The Company reported a net loss from continuing operations of $1,354,731 during the first quarter of 2014 compared to a net loss from continuing operations of $539,743 during the fourth quarter of 2013. The total net loss in the fourth quarter of 2013 was $18,050,034, significantly higher than the total net loss of $1,430,094 in the first quarter of 2014 due to the impairment charge of $17,448,198 for the Oman assets recognized in the fourth quarter of 2013.
The Company reported a net loss from continuing operations of $539,743 during the fourth quarter of 2013 compared to a net loss from continuing operations of $164,841 during the third quarter of 2013 due to an increase in field camp and geophysics expenses for exploration activities related to Turkey.
The Company reported a net loss from continuing operations of $164,841 during the third quarter of 2013 compared to a net loss from continuing operations of $709,544 in the second quarter of 2013. The decrease in the loss in the third quarter is mainly attributed to the reduction in field camp and geophysics expenses with respect to exploration activities related to Turkey.
The Company reported a net loss from continuing operations of $709,544 during the second quarter of 2013 compared to a net loss from continuing operations of $166,063 in the first quarter of 2013. The increase in the loss in the second quarter was mainly due to increased field camp and geophysics activity related to Turkey.
Liquidity and Capital Resources
The Company has historically relied primarily on equity financings to fund its activities. Although the Company has been successful in completing equity financings in the past, there is no assurance that the Company will secure the necessary financings in the future.
The Company’s cash balance at December 31, 2014 was $294,592 compared to $27,910 as at December 31, 2013. The foregoing increase in the cash balance was primarily due to the financings completed in 2014 and the cash consideration received from the Oman sale.
On January 29, 2014 the Company closed a non-brokered private placement of 7,500,000 units of the Company at a price of $0.0474 (Cdn$0.0525) per unit for gross proceeds to the Company of $355,596 (Cdn$393,750).
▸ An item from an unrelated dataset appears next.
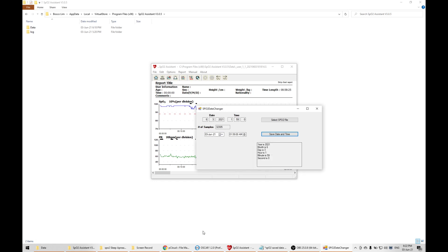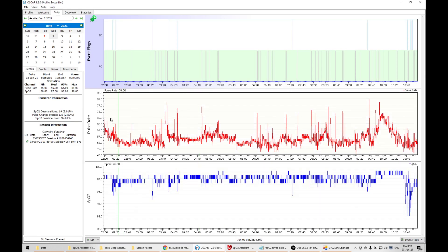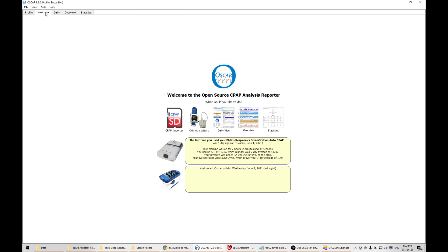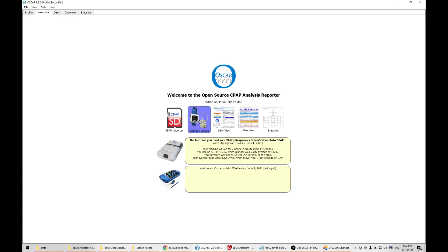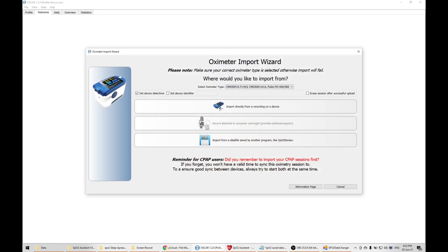If I go to this OSCAR app, which is a sleep apnea app, I go to Welcome. Make sure you only click the oximetry wizard after you've imported the data, otherwise it may mess the data up.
Each such unit was comprised of one common share of the Company and one warrant of the Company with each such warrant entitling the holder to purchase one common share of the Company at a price of $0.063 (Cdn$0.07) for a period of two years. Arnold T. Kondrat, a director and officer of the Company, was the purchaser of all of the said units.
On February 20, 2014 the Company closed a non-brokered arm’s length private placement of 2,000,000 units of the Company at a price of $0.068 (Cdn$0.075) per unit for gross proceeds to the Company of $135,150 (Cdn$150,000). Each such unit was comprised of one common share of the Company and one-half of one warrant of the Company, with each full warrant entitling the holder to purchase one common share of the Company at a price of $0.0901 (Cdn$0.10) for a period of two years.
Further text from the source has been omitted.